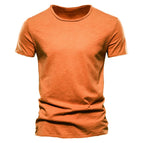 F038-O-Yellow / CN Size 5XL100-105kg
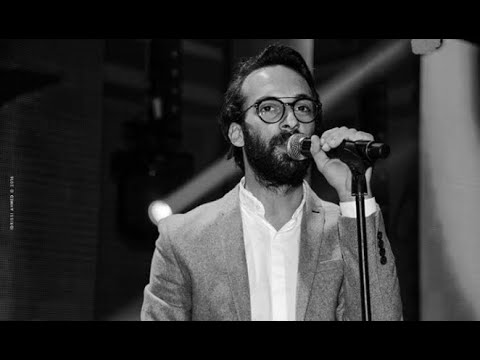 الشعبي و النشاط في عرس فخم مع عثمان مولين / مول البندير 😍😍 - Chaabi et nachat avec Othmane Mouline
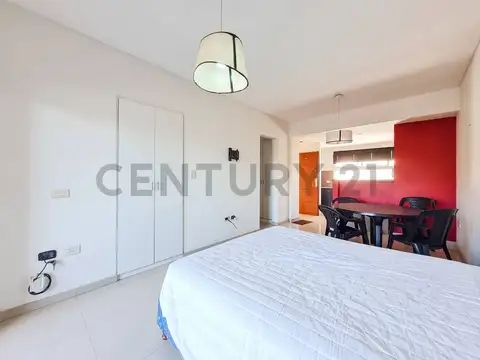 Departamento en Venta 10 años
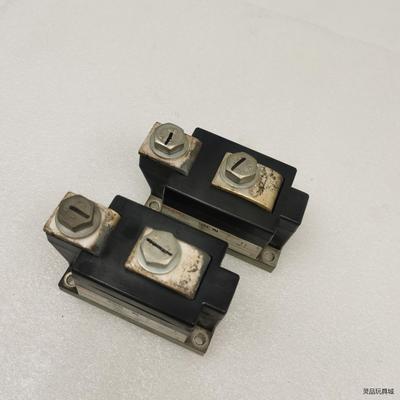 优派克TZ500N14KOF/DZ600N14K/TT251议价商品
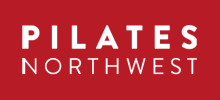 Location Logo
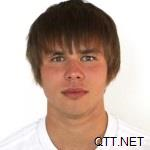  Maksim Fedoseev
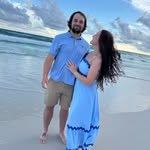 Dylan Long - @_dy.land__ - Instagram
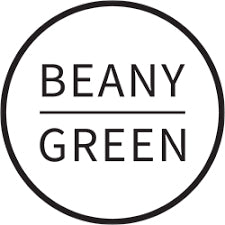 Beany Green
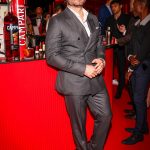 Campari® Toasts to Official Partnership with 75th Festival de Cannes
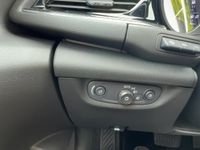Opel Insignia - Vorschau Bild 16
--
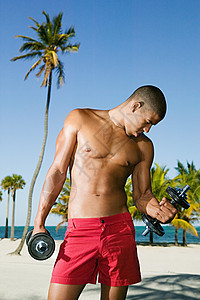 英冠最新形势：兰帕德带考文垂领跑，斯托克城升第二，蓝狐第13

- _WHAT THE TASK ASKS_
Pictures aside, return exactly the lines from the data above, starting at the line that has "F038-O-Yellow / CN Size 5XL100-105kg" and ending at the line that has "Opel Insignia - Vorschau Bild 16", both included.

- _RESPONSE AREA_
 F038-O-Yellow / CN Size 5XL100-105kg
 الشعبي و النشاط في عرس فخم مع عثمان مولين / مول البندير 😍😍 - Chaabi et nachat avec Othmane Mouline
 Departamento en Venta 10 años
 优派克TZ500N14KOF/DZ600N14K/TT251议价商品
 Location Logo
  Maksim Fedoseev
 Dylan Long - @_dy.land__ - Instagram
 Beany Green
 Campari® Toasts to Official Partnership with 75th Festival de Cannes
Opel Insignia - Vorschau Bild 16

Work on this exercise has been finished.